Last week I noticed that some of our blog posts took a long time to show up in the Google Blog search index. During the past year, Google has been very fast at indexing blog posts, typically taking less than five minutes from the time is made to when it shows up in their blog search index. But this week it seemed that our posts, or at least some of them, took more than twelve hours to be indexed.
Yesterday I tried to watch a post I made on the IT job market which I wrote just before 11:00am (GMT-5). It showed up in Google Feed Reader quickly enough but had not yet appeared in Google Blog Search when I finally went to bed 14 hours later. When I checked at 9:00am today, it was there, so it took sometime between 14 and 22 hours.
It’s not the case that all posts are being delayed — do a Google Blog search for a popular term (e.g., TV) sorted by date and you’ll see posts made in the past few minutes. Nor do I think it’s related to pageRank — their blog search ingest is based on pings rather than crawling. Besides, our blog enjoys a reasonable rank. Finally, it can’t be the case that Google’s systems are being overwhelmed by new blogs — the growth of the Blogosphere has slowed.

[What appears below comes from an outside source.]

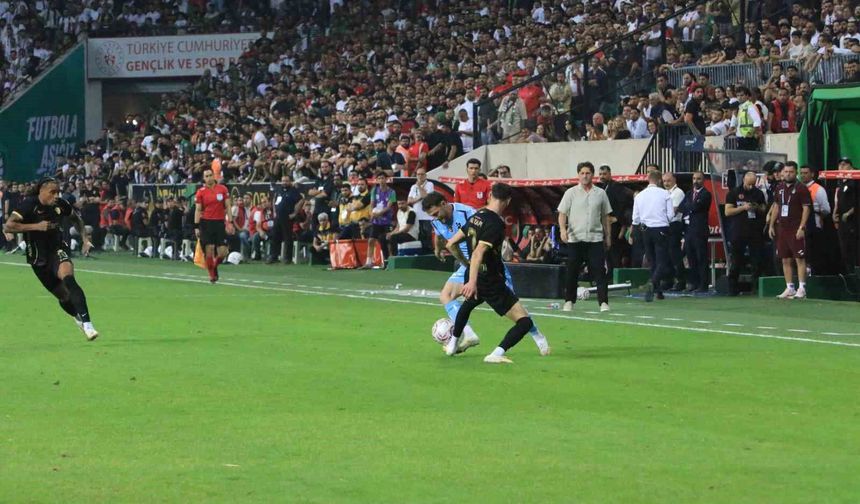 Tredyol Süper Lig: Amed Sportif Faaliyetler: 1 - Trabzonspor: 1 (İlk yarı)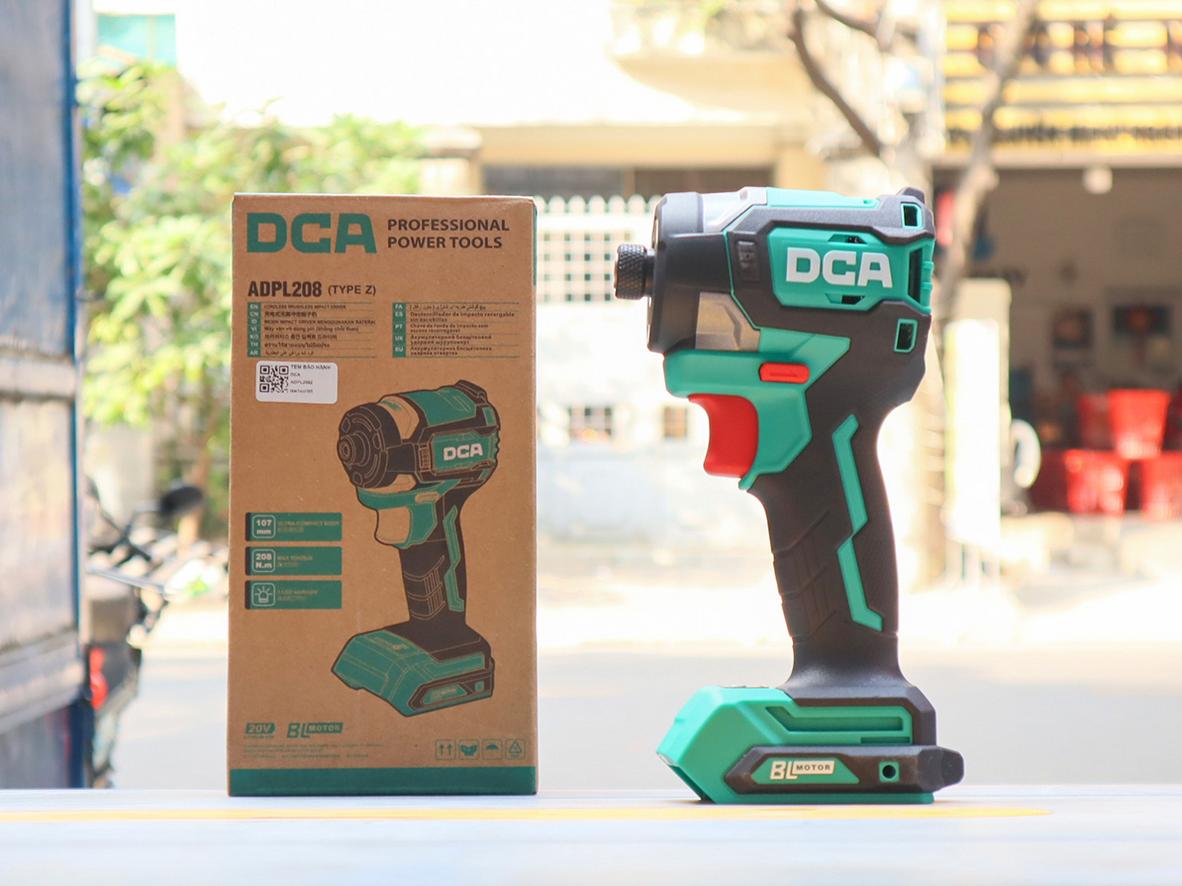 DCA ADPL208 cho cảm giác gọn tay, sáng khu vực làm việc và kiểm soát lực siết tốt.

So I’m puzzled about what is going on. (goomtitag)
Update 1: Posted at 9:49, in Google Feed Reader at 10:14, indexed by Google Blog Search by ~19:15 and in Google’s main index about the same time. Maybe this is a clue — it used to be the case that a post hit the blog index within a few minutes and showed up in the main index after about twelve hours. This post hit both indexes around the same time — after about ten hours. Maybe there is now just one (logical) index.
Update 2: Hmmm. Another post seems to have made it into Google’s main index before it got into the blog search index. I imagine that Google revisited our blog home page as part of it’s regular crawl and picked up the new post.